___ The records
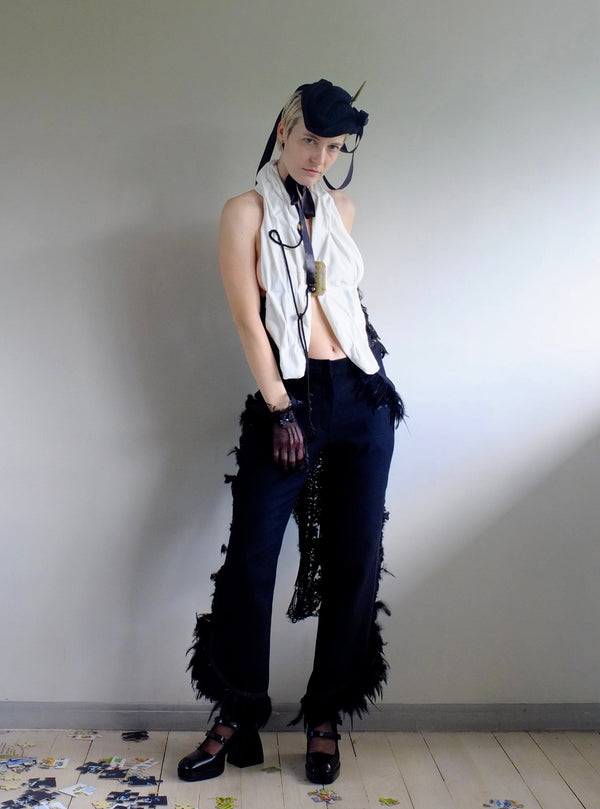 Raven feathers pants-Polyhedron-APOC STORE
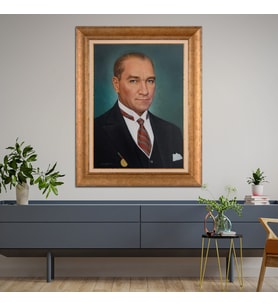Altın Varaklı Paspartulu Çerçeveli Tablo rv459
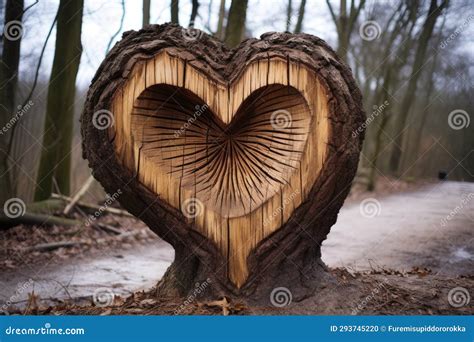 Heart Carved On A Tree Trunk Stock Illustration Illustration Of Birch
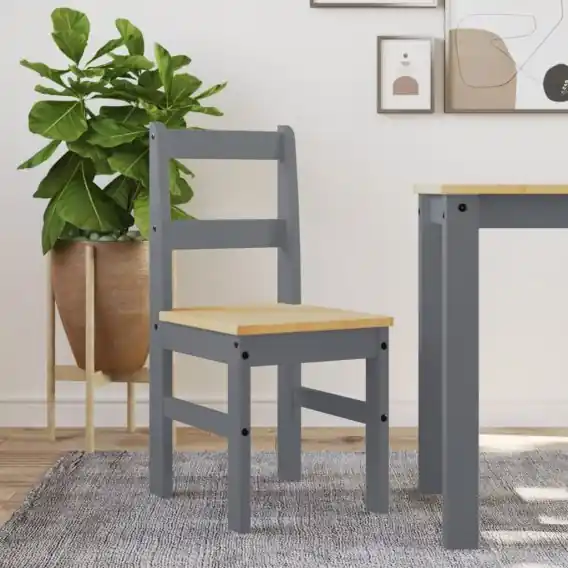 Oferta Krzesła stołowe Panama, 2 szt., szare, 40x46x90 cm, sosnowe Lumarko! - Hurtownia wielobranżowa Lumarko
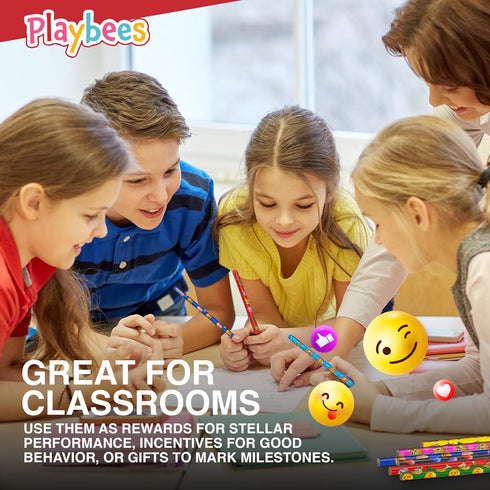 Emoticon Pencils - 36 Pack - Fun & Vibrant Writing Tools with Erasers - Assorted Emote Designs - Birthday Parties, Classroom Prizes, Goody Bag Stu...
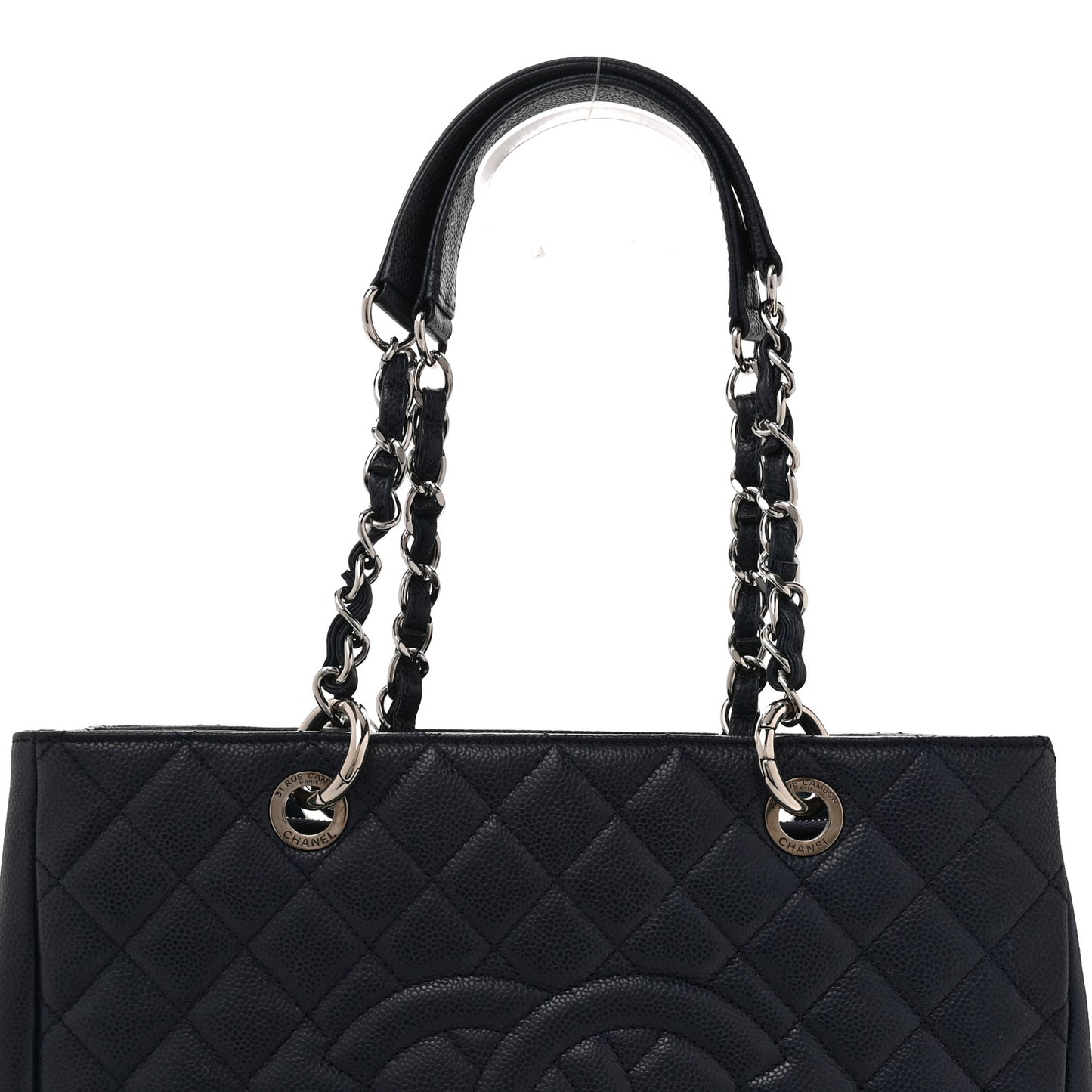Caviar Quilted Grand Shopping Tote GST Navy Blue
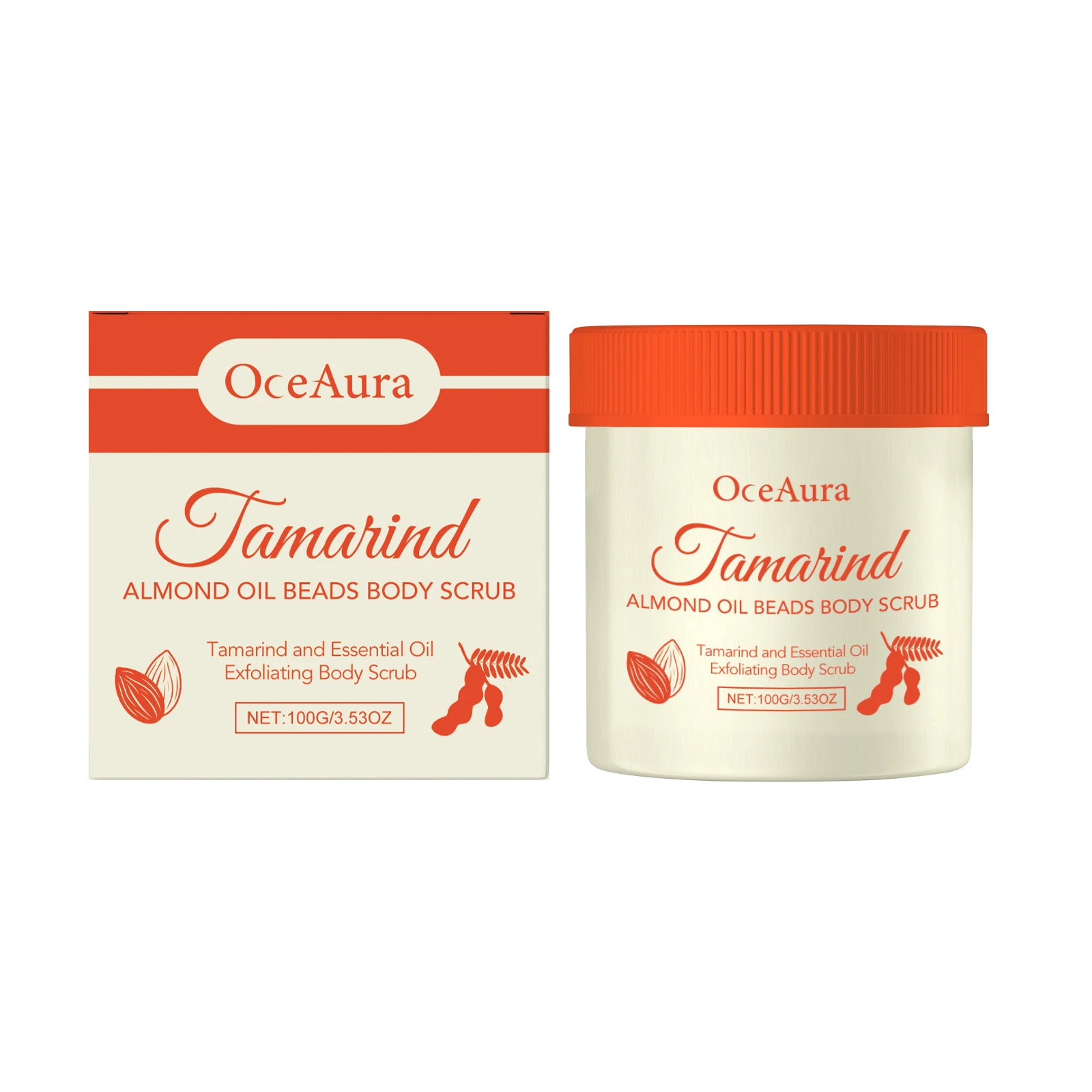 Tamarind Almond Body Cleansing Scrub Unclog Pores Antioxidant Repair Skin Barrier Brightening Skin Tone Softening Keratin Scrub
______
___ The records
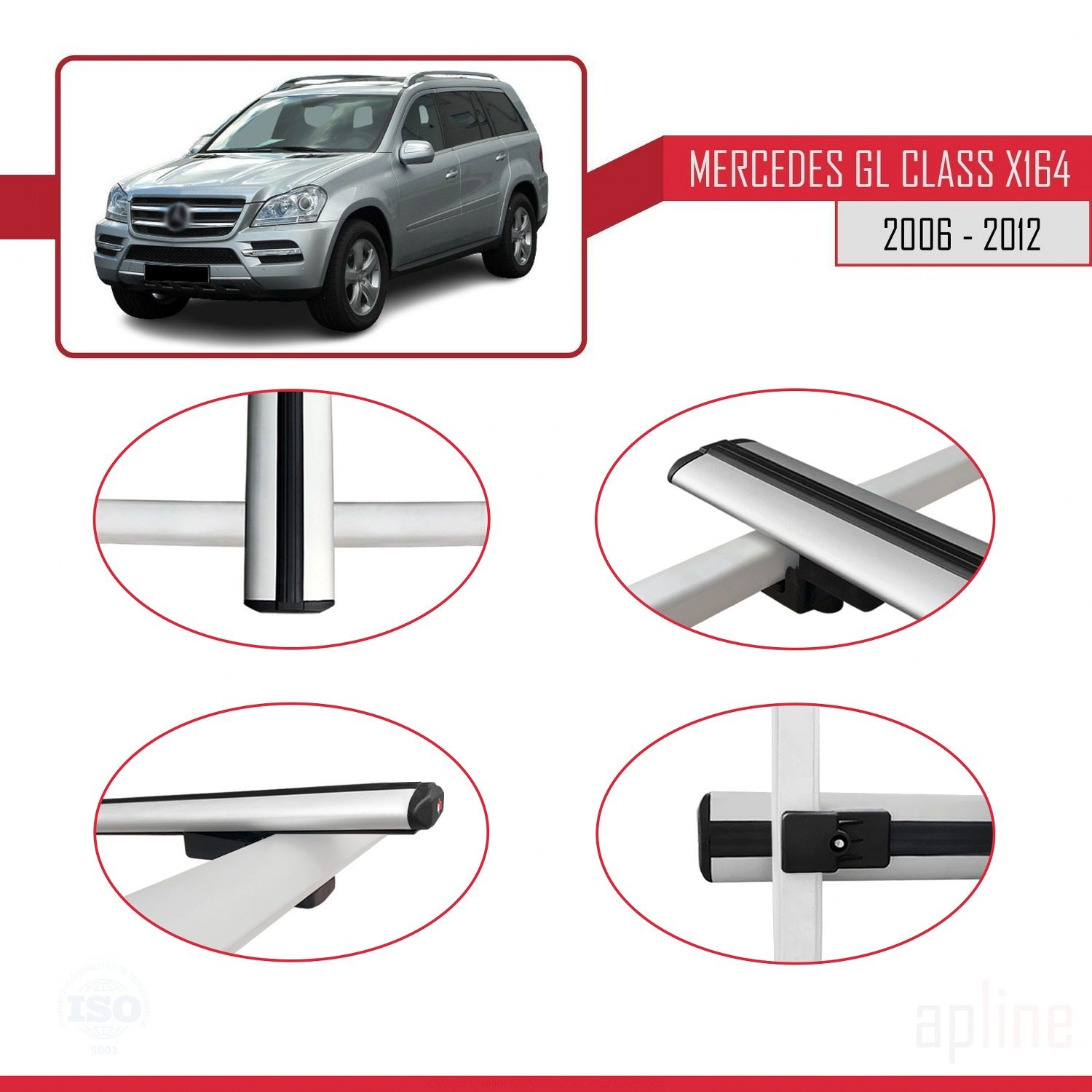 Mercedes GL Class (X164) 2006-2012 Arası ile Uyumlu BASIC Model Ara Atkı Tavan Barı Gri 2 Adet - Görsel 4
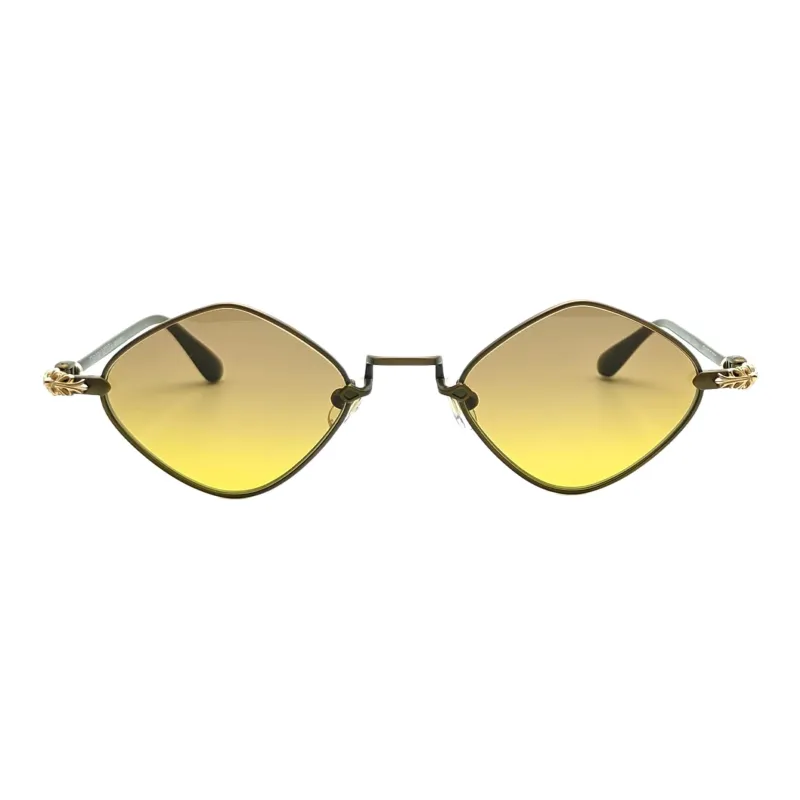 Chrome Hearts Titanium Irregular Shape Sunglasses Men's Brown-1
______
_Task description_. Copy out the lines above from the line containing "Altın Varaklı Paspartulu" through the line containing "Oferta Krzesła stołowe", exactly, and keep the pictures out.

_Exercise answer_.
Altın Varaklı Paspartulu Çerçeveli Tablo rv459
 Heart Carved On A Tree Trunk Stock Illustration Illustration Of Birch
 Oferta Krzesła stołowe Panama, 2 szt., szare, 40x46x90 cm, sosnowe Lumarko! - Hurtownia wielobranżowa Lumarko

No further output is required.